New agreement to strengthen growth at Copenhagen Airport
Airlines and Copenhagen Airports A/S (CPH) have signed a new charges agreement that will follow the consumer price index over the next four years. The agreement means that the necessary level of investment in the airport can be ensured.
Under the charges agreement between the airlines and Copenhagen Airports A/S for the period 1 April 2015 – 31 March 2019, the price for using the airport runways, terminals and services will be linked to the Danish consumer price index corresponding to a real flat charges development. This means that Copenhagen Airport will retain its competitive position in the most economical third of the major European airports, which will help ensure that consumers can enjoy flights at attractive fares to and from Copenhagen.
The new charges agreement means that the airlines know their costs for the next four years, and that the airport will have stable earnings.

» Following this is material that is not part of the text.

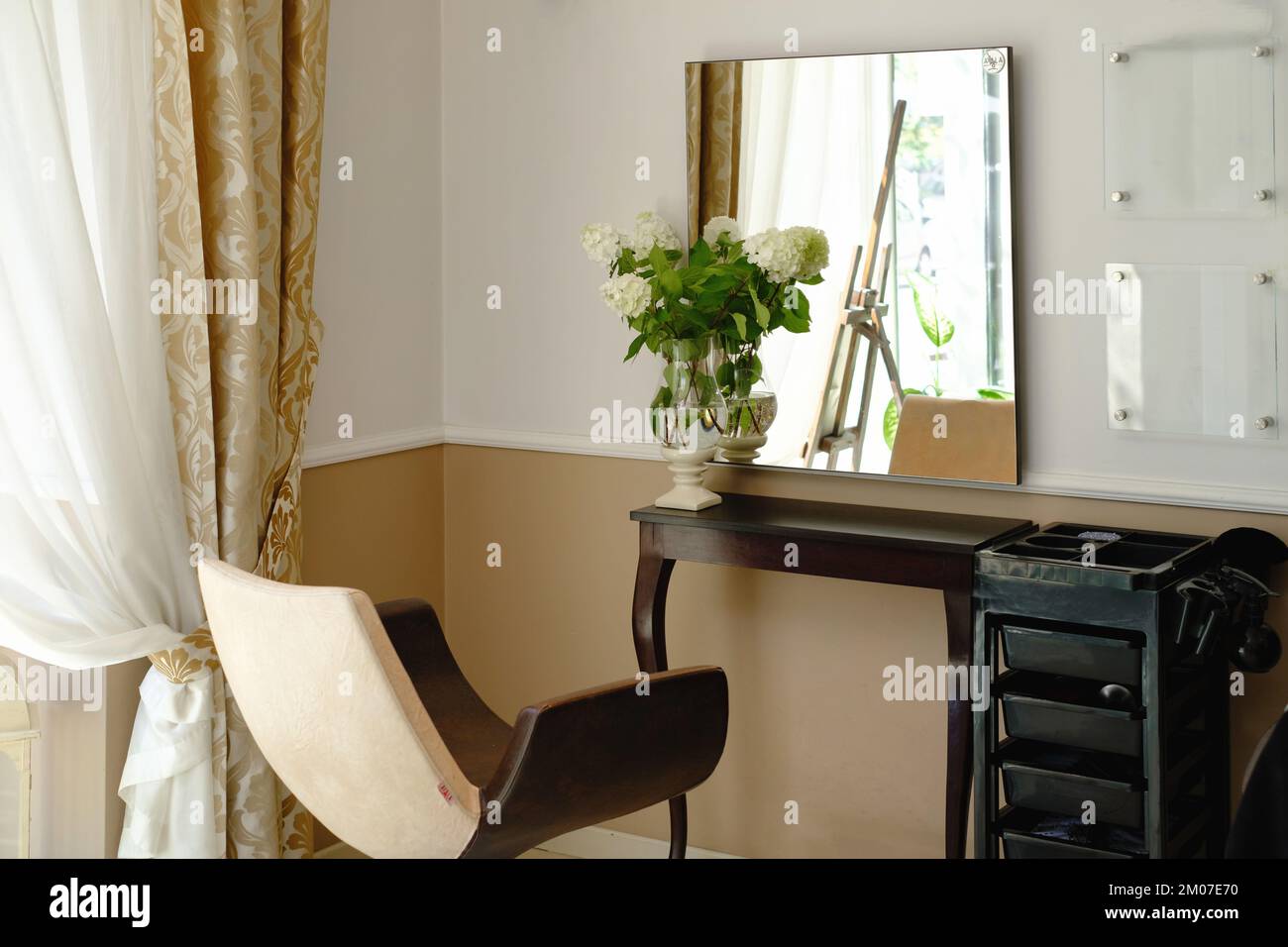 Beauty salon interior with flowers. Hairdressing procedures in luxe beauty salon, free space. Mirror in front of seat Stock Photo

The agreement supports CPH's long-term investments in the airport and ensures that we can continue to execute our World Class Hub strategy, which is to retain and develop Copenhagen Airport as the most important and attractive hub of northern Europe,” said Thomas Woldbye, CEO of Copenhagen Airports A/S.

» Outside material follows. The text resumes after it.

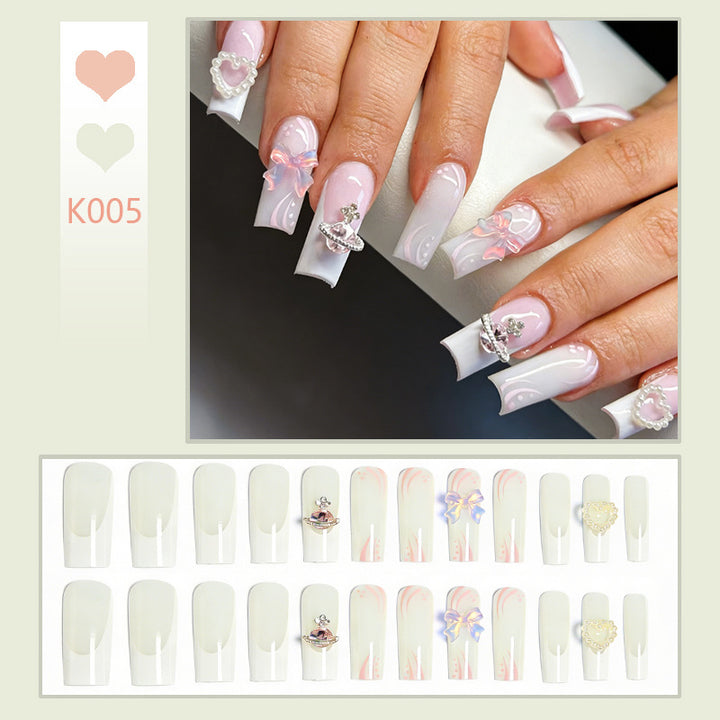Artificial nails with delicate embellishments Bowlift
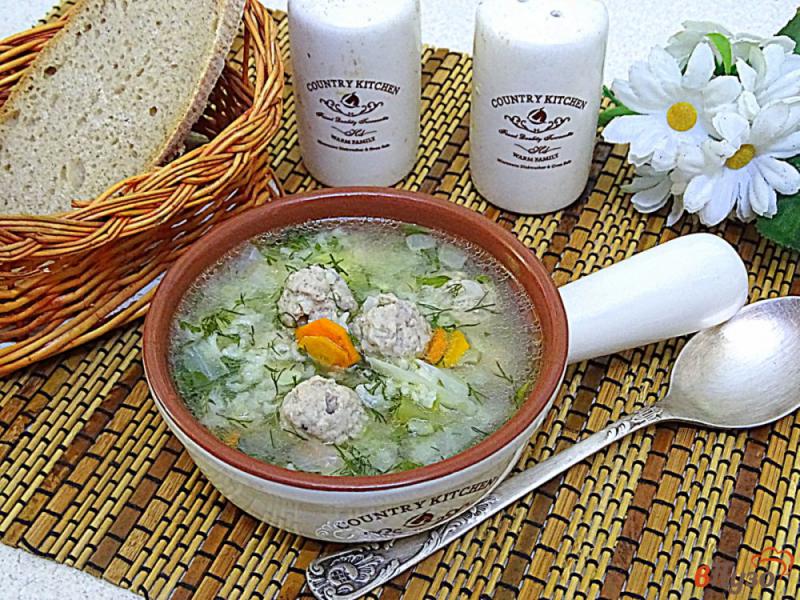 Фото приготовление рецепта: Суп с фрикадельками рисом и овощами шаг №9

In the next few years, CPH plans to invest in an expansion of Pier C, which handles large aircraft. CPH continues to analyse how additional expansions can be implemented efficiently in the coming years.
Realizing growth vision
The new charges agreement will enable CPH to establish the framework for realizing the Expanding CPH growth vision that sees Copenhagen Airport as having up to 40 million passengers per year.
The agreement also includes investments in facilities that will help the airlines reduce their overall operating costs. As requested by airlines, part of the airside security restricted area will be changed to make it easier and more economical for airlines to service their aircraft.
Airlines also want to strengthen their domestic product and make operations more efficient. Therefore domestic and international traffic will be merged next year. Both initiatives will strengthen CPH's strategic focus on reducing the airlines' operational costs.
Furthermore CPH will continue to focus on other initiatives aimed at reducing airline operating costs, such as automated check-in, bag-drops and boarding as well as initiatives designed to make the turnaround process more efficient for airlines.
The new charges agreement, which will now be submitted to the Danish Transport Agency for approval, will take effect on 1 April 2015 and run for four years. As the agreement does not come into force until next year, it will have no effect on CPH's financial outlook for the current financial year.
Note: Independent consultants Leigh Fisher and the industry organization Airport Council International each year compare European airports in terms of quality and price. In the latest comparison, Copenhagen Airport was in the best third. CPH believes that the new charges agreement will not change that ranking.